The blue line is the difference between 2010 and 2011 attendance, in tens of thousands. You'll see the pattern described above, dropping in the first half below even, before turning around in the second half and climbing back into positive territory after the 2001 re-union weekend. And the red line is the number of games back Arizona were at the time. Clearly, it parallels the team's fortunes very closely - it seems to lag them slightly, as word of their play, good or bad, takes time to seep into the collective consciousness. However, as noted, the weekend was the best attended series against a divisional rival for more than eight years, so that process seems complete.

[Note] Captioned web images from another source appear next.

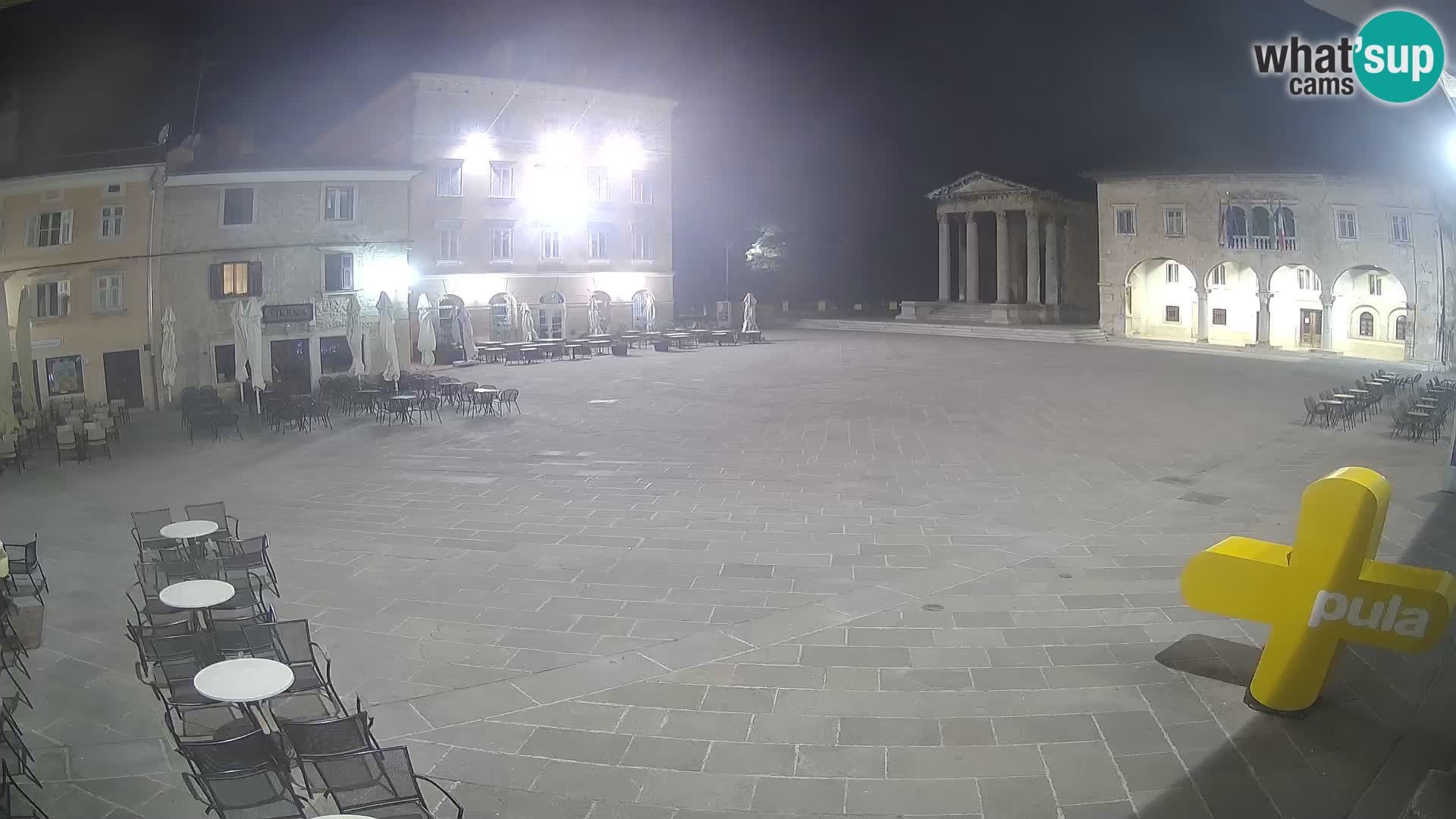 Pula – Forum i Augustov hram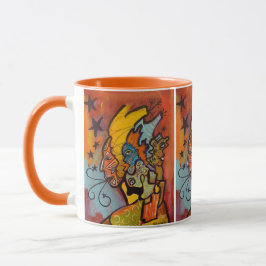 Taza "Star Woman" Bebida Mug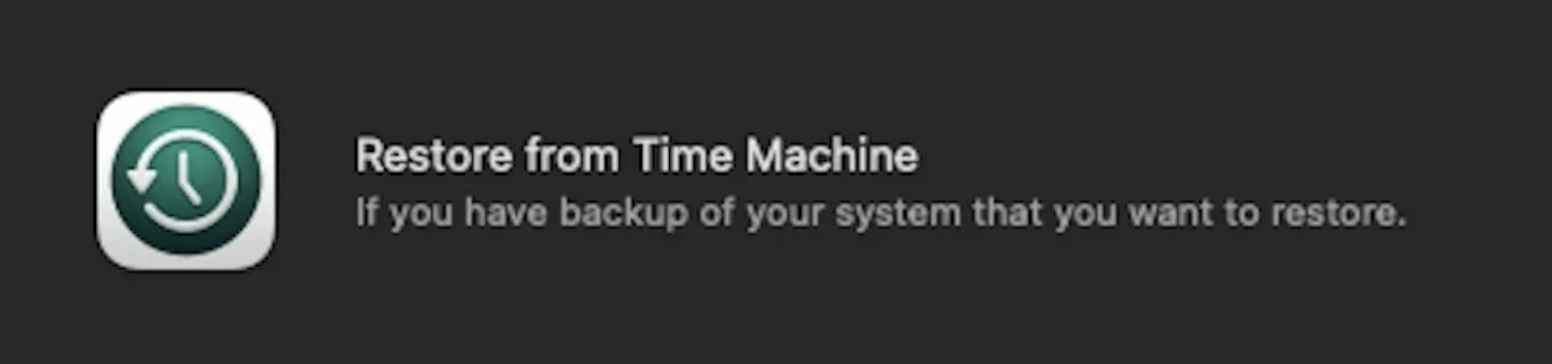 Wiping an APFS volume on Mac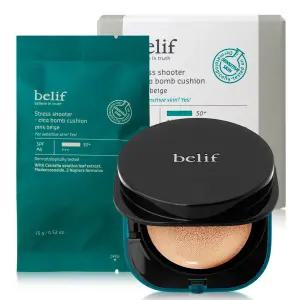 빌리프 스트레스 슈터 시카 밤 쿠션 (본품15g+리필15g) 기획 (SPF50+ PA+++)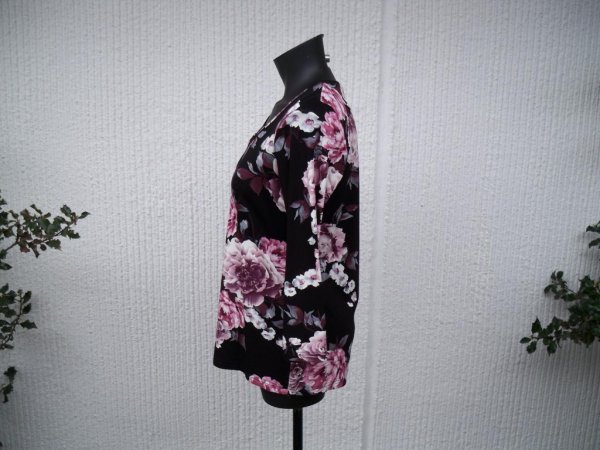 Blommig Topp Lila Bonsai Ze-Ze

Now, a lot of other things factor into attendance for a single game. Opponent, day of the week, promotional giveaways [the Ryan Roberts bobblehead sell-out on Saturday proves that!] all play into who shows up: trying to winnow out how much of it is due to team performance is basically impossible. But what I've done is try to mitigate some of those factors, by looking at attendance over a whole week. For each homestand lasting six or more games, here is an attendance figure for the week, and opponents [some weeks had seven games, some six - for the former, I've dropped the Thursday game to even things out with six for each].

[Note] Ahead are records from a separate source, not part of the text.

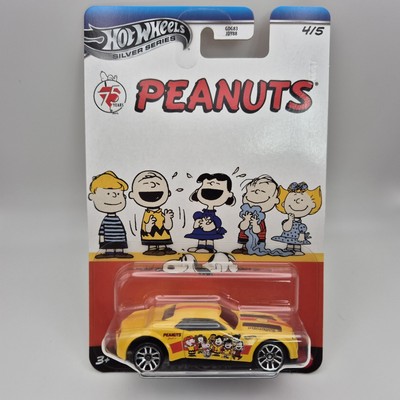 Hot Wheels Silver Series Peanuts Bully Goat 4/5 Mattel Sammler Spielzeugautos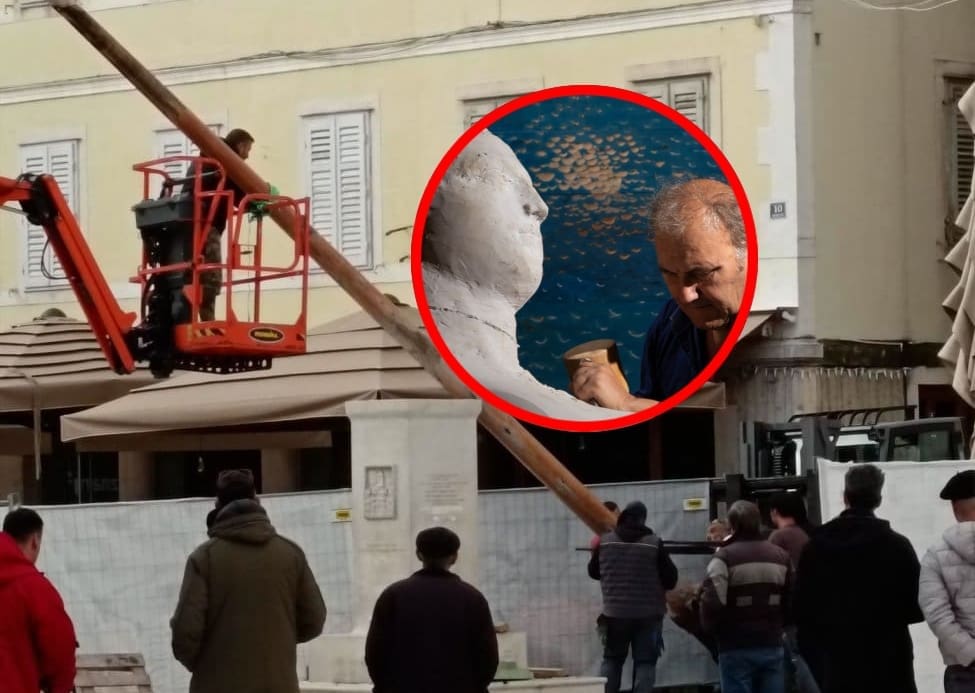 Kuzma Kovačić u očaju gledao kako mu pred očima miču spomenik s Pjace: "Uznemiren sam, bijesan i tuzan"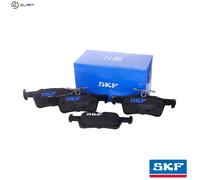 SKF VKBP 90189 Brake pad set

|April 11-17||STL, SFG||124,926|
|April 25-May 1||PHI, CHC||139,247|
|May 16-22||SDP, ATL, MIN||152,339|
|May 30-June 5||FLA, WAS||126,865|
|June 14-19||SFG, CWS||170,229|
|July 15-21||LAD, MIL||135,977|
|August 5-11||LAD, HOU||139,919|
|August 26-31||SDP, COL||160,012|
|Septemner 19-25||PIT, SFG||212.793|
The series against the Twins and White Sox provided boosts to cloud the picture, as all their snowbird fans came out from under rocks before going back to Sun City, but here again, you can see the trend going generally up. Obviously, the current home-stand is special, but averaging close to 27,000 for series against the Padres and Rockies [sub-.500 teams with no significant local fan-base, for whom we possess the contempt of over-familiarity], is definitely an encouraging sign. The last time we played them back-to-back at Chase was almost the same time in 2007, in the thick of a pennant race there too, and the total crowd then was a very comparable 166,681.
What does this mean going forward?
The first test of the team's new-found popularity will be in the playoffs: will they sell out, and if so, how quickly? Though Chase Field was basically sold-out for the 2007 post-season, with crowds in excess of 48,000 for all the games there, it was touch and go, even for the Championship series, with more than 10,000 tickets left just three days before Game 1. However, it's worth bearing in mind the 2001 campaign was a good deal worse in this regard. While everyone remembers Chase Field rocking to its foundations in the World Series, the crowd for the Game 1 of the NLCS that year was a mere 37,729.
2007 does provide a nice bench-mark for what kind of boost the team might expect next year, though it will likely depend on how far the game goes into the post-season. In 2008, attendance at Chase went up by 2,280 per game. The boost was more than double this amount after 2001, but the team the following year was also considerably better there than in 2008, winning 16 additional games and returning to the post-season again. We've seen how attendance is directly affected by the Diamondbacks team performance and, while there is a solid fan-base who will turn out regardless, it seems winning is a very significant factor.